Code Smarter, Not Harder

Unlocking high-fidelity, reliable AI for code generation and engineering workflows is a massive opportunity.

Engineering tasks are well suited for AI augmentation or replacement for a few reasons: (i) coding inherently requires engineers to break a problem down into smaller, more manageable tasks; (ii) there’s plenty of existing training data; (iii) tasks require a mix of judgment and rules-based work; (iv) solutions leverage composable modules (OSS libraries etc); and (v) in some cases the result of one’s work can be empirically tested for correctness. This means reliably accurate AI coding tools can deliver quantifiable value.

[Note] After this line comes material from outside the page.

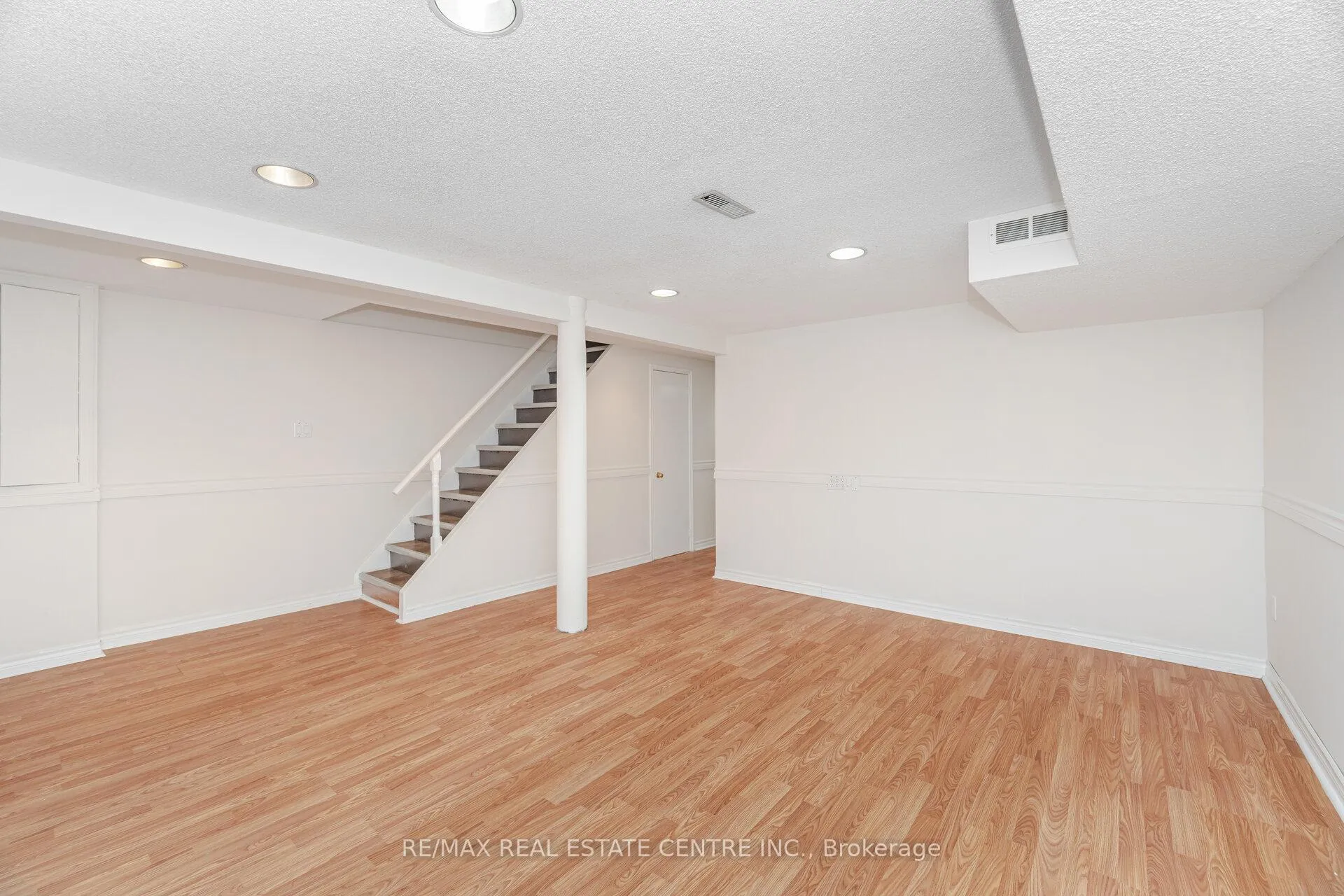 Photo 27 of 51 Crawford Drive, Brampton, Madoc — HOMEH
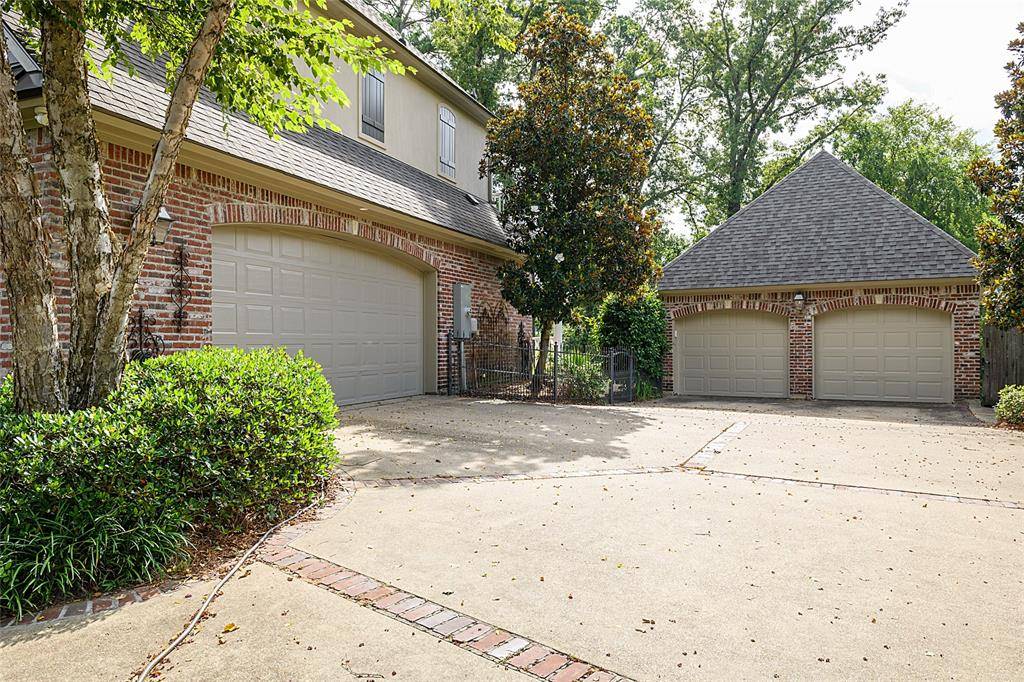 Shreveport, LA 71106,1130 Waters Edge Circle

Given these factors, attempts at AI coding tools have exploded in just the past year. But there are still many open questions about the technical unlocks that must be solved to make coding tools that work as well as (or better than) human engineers in a production setting.

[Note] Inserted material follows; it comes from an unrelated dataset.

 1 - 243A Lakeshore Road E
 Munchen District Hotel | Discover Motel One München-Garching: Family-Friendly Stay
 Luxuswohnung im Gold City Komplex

In this post, I’ll frame the three approaches we at Greylock are seeing in the startup ecosystem and the three open challenges facing these tools:

How do we create more powerful context awareness?
How do we get AI agents to work better for E2E coding tasks?
Does owning a code-specific model lead to long-term differentiation?

Current State of Market

In the past year, we’ve seen startups take three approaches:

AI copilots and chat interfaces to enhance engineering workflows by sitting alongside engineers in the tools where they work.
AI agents that can replace engineering workflows by performing engineering tasks end-to-end.
Code-specific foundation models. These are bespoke models trained with code-specific data, and are vertically-integrated with user-facing applications.

Even before the overarching questions are answered, we believe each of the above approaches can deliver meaningful impact in the near term. Let’s take a closer look at each one.

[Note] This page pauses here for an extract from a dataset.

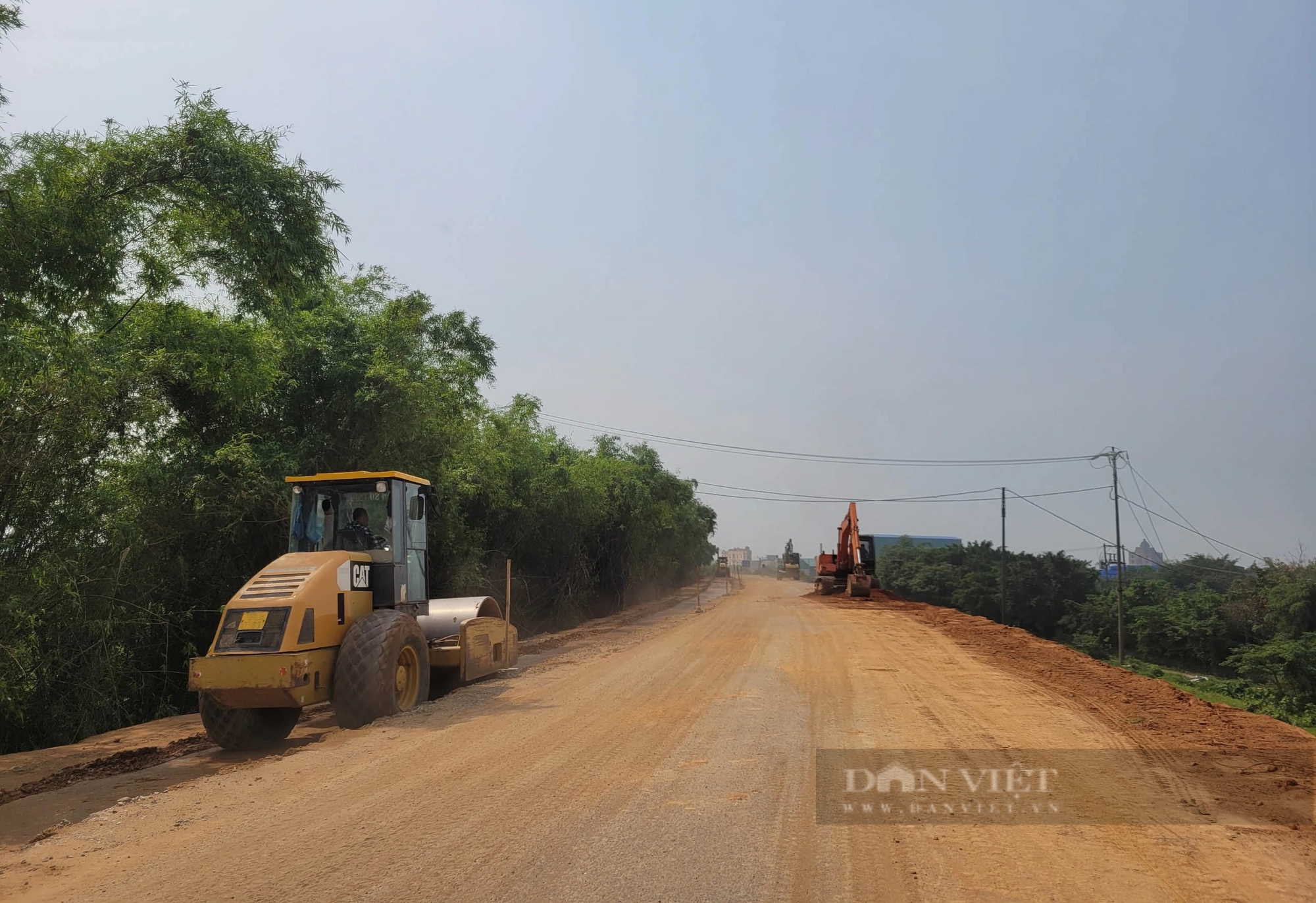 Đê sông Hồng chạy qua địa bàn huyện Thường Tín đang được "thay áo mới"- Ảnh 7.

1. Enhancing Existing Workflows

Today, the vast majority of AI code startups are taking the shape of in-IDE co-pilots or chat interfaces to enhance engineering workflows. While companies like Tabnine have been working on code assistants for many years, the big moment for coding AI tools came with the release of GitHub Copilot in 2021. Since then, we have seen a flurry of startups going after the various jobs to be done by engineers.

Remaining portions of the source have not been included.